While not necessarily a difficult formal exercise, the creation of a building to serve as an architectural landmark in a major city such as Hong Kong presented a number of significant challenges. Programmatic inventiveness was required to imagine a building which reflected, but also provided relief from the city itself – a structure set above and apart, but at the same time integrated with the land and water below.
In response, designs for the The Peak proposed what is almost a ‘Suprematist geology’, using a range of materials to realize a design that cut through the landscape like a knife and rejected traditional principles of organization.

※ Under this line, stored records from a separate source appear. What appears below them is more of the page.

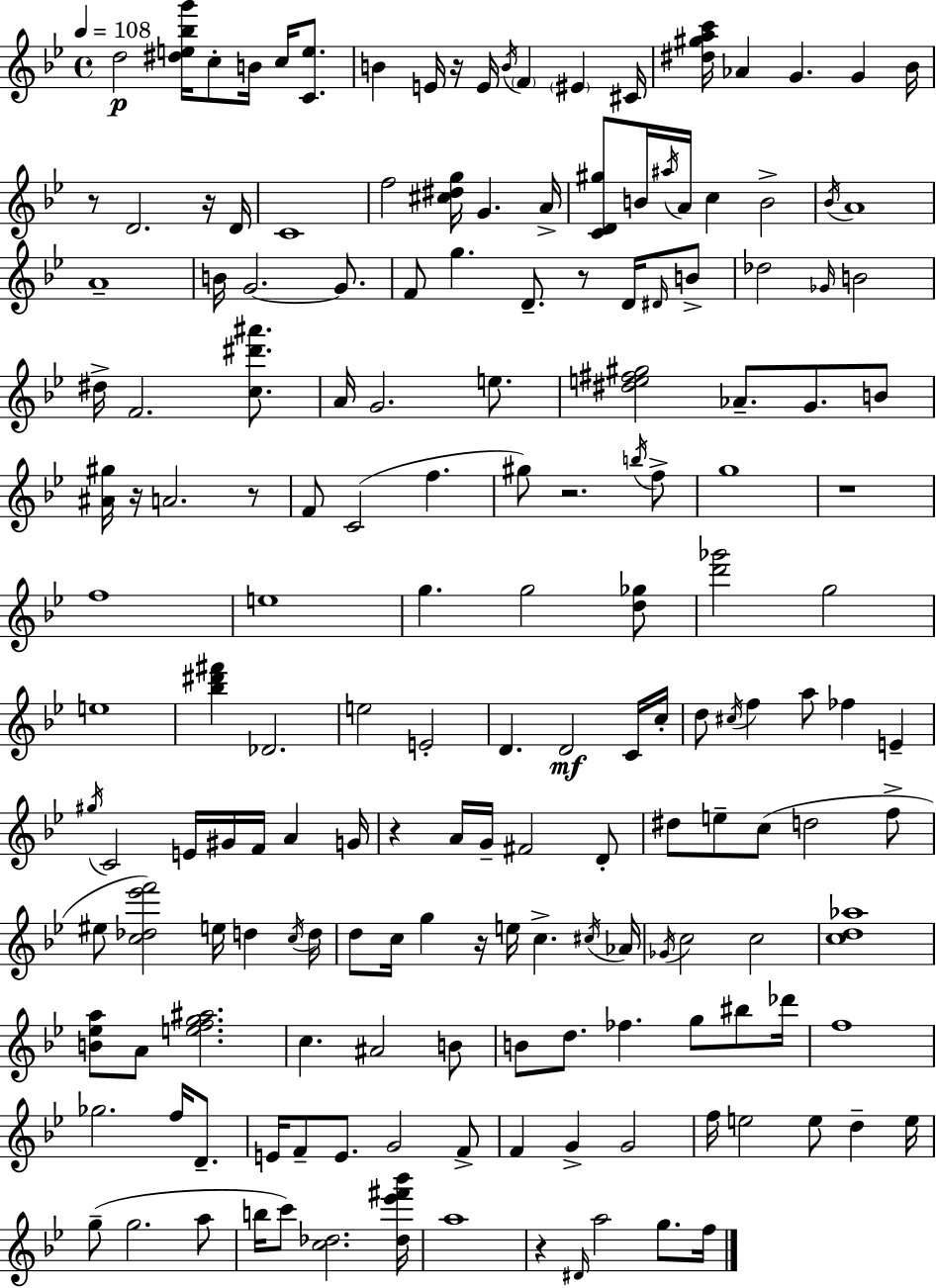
{
  \clef treble
  \time 4/4
  \defaultTimeSignature
  \key g \minor
  \tempo 4 = 108
  d''2\p <dis'' e'' bes'' g'''>16 c''8-. b'16 c''16 <c' e''>8. | b'4 e'16 r16 e'16 \acciaccatura { b'16 } \parenthesize f'4 \parenthesize eis'4 | cis'16 <dis'' gis'' a'' c'''>16 aes'4 g'4. g'4 | bes'16 r8 d'2. r16 | \break d'16 c'1 | f''2 <cis'' dis'' g''>16 g'4. | a'16-> <c' d' gis''>8 b'16 \acciaccatura { ais''16 } a'16 c''4 b'2-> | \acciaccatura { bes'16 } a'1 | \break a'1-- | b'16 g'2.~~ | g'8. f'8 g''4. d'8.-- r8 | d'16 \grace { dis'16 } b'8-> des''2 \grace { ges'16 } b'2 | \break dis''16-> f'2. | <c'' dis''' ais'''>8. a'16 g'2. | e''8. <dis'' e'' fis'' gis''>2 aes'8.-- | g'8. b'8 <ais' gis''>16 r16 a'2. | \break r8 f'8 c'2( f''4. | gis''8) r2. | \acciaccatura { b''16 } f''8-> g''1 | r1 | \break f''1 | e''1 | g''4. g''2 | <d'' ges''>8 <d''' ges'''>2 g''2 | \break e''1 | <bes'' dis''' fis'''>4 des'2. | e''2 e'2-. | d'4. d'2\mf | \break c'16 c''16-. d''8 \acciaccatura { cis''16 } f''4 a''8 fes''4 | e'4-- \acciaccatura { gis''16 } c'2 | e'16 gis'16 f'16 a'4 g'16 r4 a'16 g'16-- fis'2 | d'8-. dis''8 e''8-- c''8( d''2 | \break f''8-> eis''8 <c'' des'' ees''' f'''>2) | e''16 d''4 \acciaccatura { c''16 } d''16 d''8 c''16 g''4 | r16 e''16 c''4.-> \acciaccatura { cis''16 } aes'16 \acciaccatura { ges'16 } c''2 | c''2 <c'' d'' aes''>1 | \break <b' ees'' a''>8 a'8 <e'' f'' g'' ais''>2. | c''4. | ais'2 b'8 b'8 d''8. | fes''4. g''8 bis''8 des'''16 f''1 | \break ges''2. | f''16 d'8.-- e'16 f'8-- e'8. | g'2 f'8-> f'4 g'4-> | g'2 f''16 e''2 | \break e''8 d''4-- e''16 g''8--( g''2. | a''8 b''16 c'''8) <c'' des''>2. | <des'' ees''' fis''' bes'''>16 a''1 | r4 \grace { dis'16 } | \break a''2 g''8. f''16 \bar "|."
}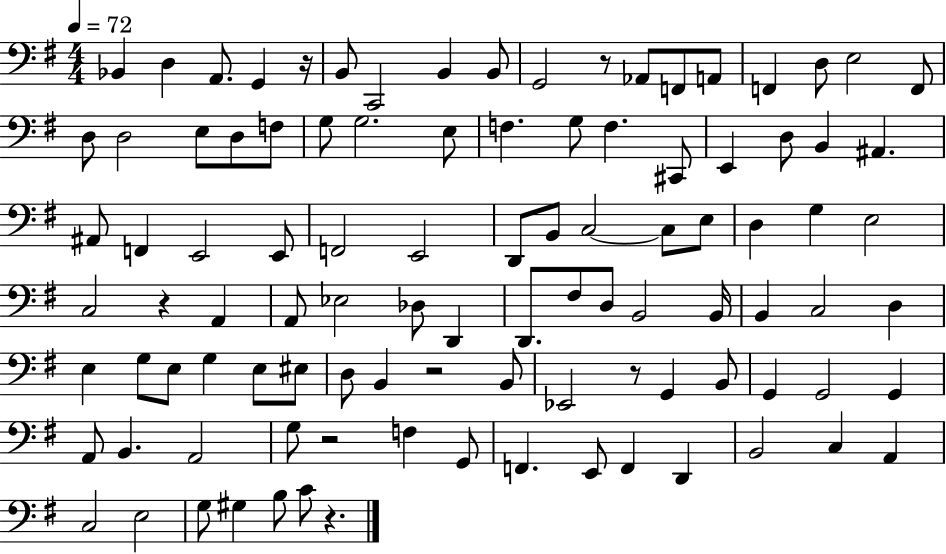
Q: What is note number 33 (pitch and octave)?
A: A#2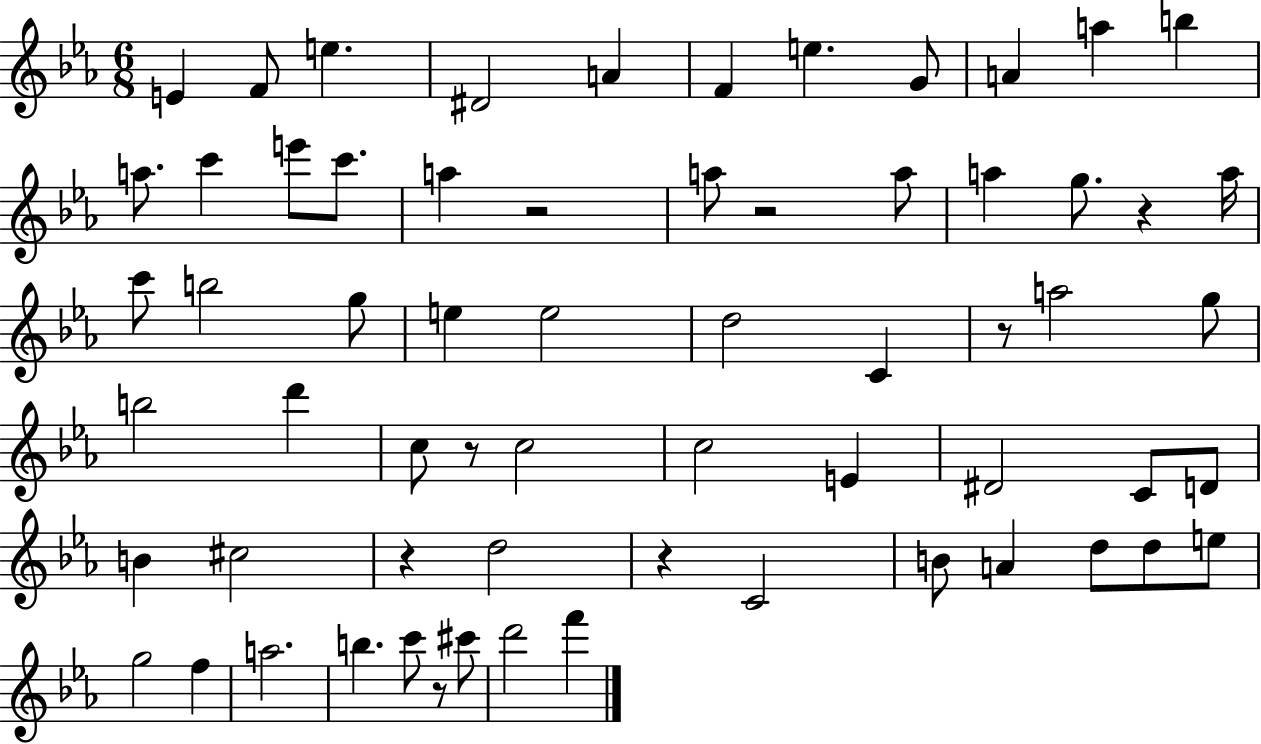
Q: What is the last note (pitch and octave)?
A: F6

Integral to the concept was the proposed excavation of rock at the site’s lowest point – to be polished and used to create a ‘man made polished granite mountain’, exploiting excavated areas within the natural topography to house a range of ‘hedonistic’ activities. Above these subterranean spaces, the building itself was to be layered horizontally and feature horizontal beams, balconies and interconnecting corridors.
The club itself constituted a 13 metre void – suspended between the building’s second and penthouse layers, within which various elements – exercise platforms, entrance decks, circulation areas, snack bar and library were to ‘hover’. A number of these – including the swimming pool, which featured a number of floating platforms and ramps – were to be set in the open air. The building also featured four separate penthouse apartments above the club void.
Viewed from Hong Kong, the mountain cliff provided a backdrop to the club’s suspended leisure and intellectual resources. In its entirety, the building itself constitutes a unique, modern geology, symbolizing in many respects the ‘high life’ inherent in both club and city.